From the data underneath, reproduce exactly the stretch that begins at the line with "Yves Saint Laurent" and ends after the line with "Душевая кабина Mixxus".

- **Exercise data**
● ● ● ●
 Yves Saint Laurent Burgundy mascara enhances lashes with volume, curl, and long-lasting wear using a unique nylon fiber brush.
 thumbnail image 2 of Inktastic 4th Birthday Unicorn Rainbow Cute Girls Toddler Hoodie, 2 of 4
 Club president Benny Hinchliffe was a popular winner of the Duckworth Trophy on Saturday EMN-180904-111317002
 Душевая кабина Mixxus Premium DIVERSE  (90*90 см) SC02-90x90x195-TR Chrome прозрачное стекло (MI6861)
● ● ● ●
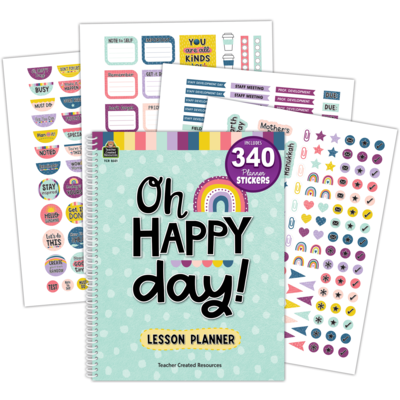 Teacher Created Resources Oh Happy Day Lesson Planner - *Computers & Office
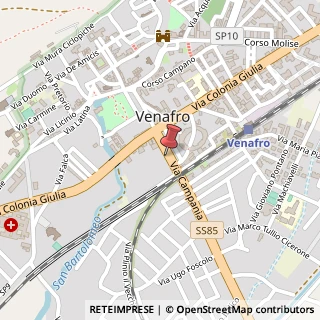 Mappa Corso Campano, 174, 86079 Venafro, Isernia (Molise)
● ● ● ●
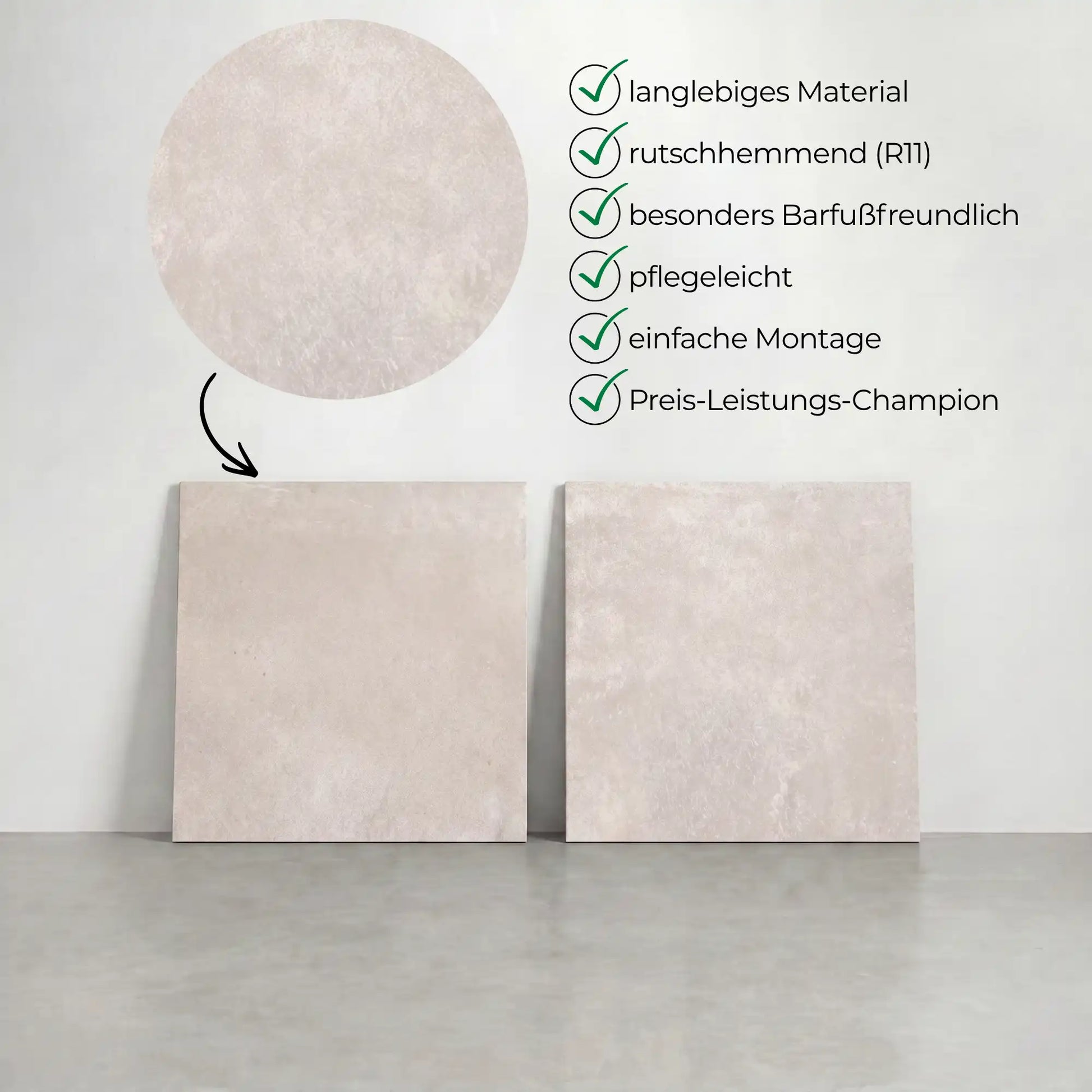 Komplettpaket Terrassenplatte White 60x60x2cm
● ● ● ●
- **Output for this exercise**
 Yves Saint Laurent Burgundy mascara enhances lashes with volume, curl, and long-lasting wear using a unique nylon fiber brush.
 thumbnail image 2 of Inktastic 4th Birthday Unicorn Rainbow Cute Girls Toddler Hoodie, 2 of 4
 Club president Benny Hinchliffe was a popular winner of the Duckworth Trophy on Saturday EMN-180904-111317002
 Душевая кабина Mixxus Premium DIVERSE  (90*90 см) SC02-90x90x195-TR Chrome прозрачное стекло (MI6861)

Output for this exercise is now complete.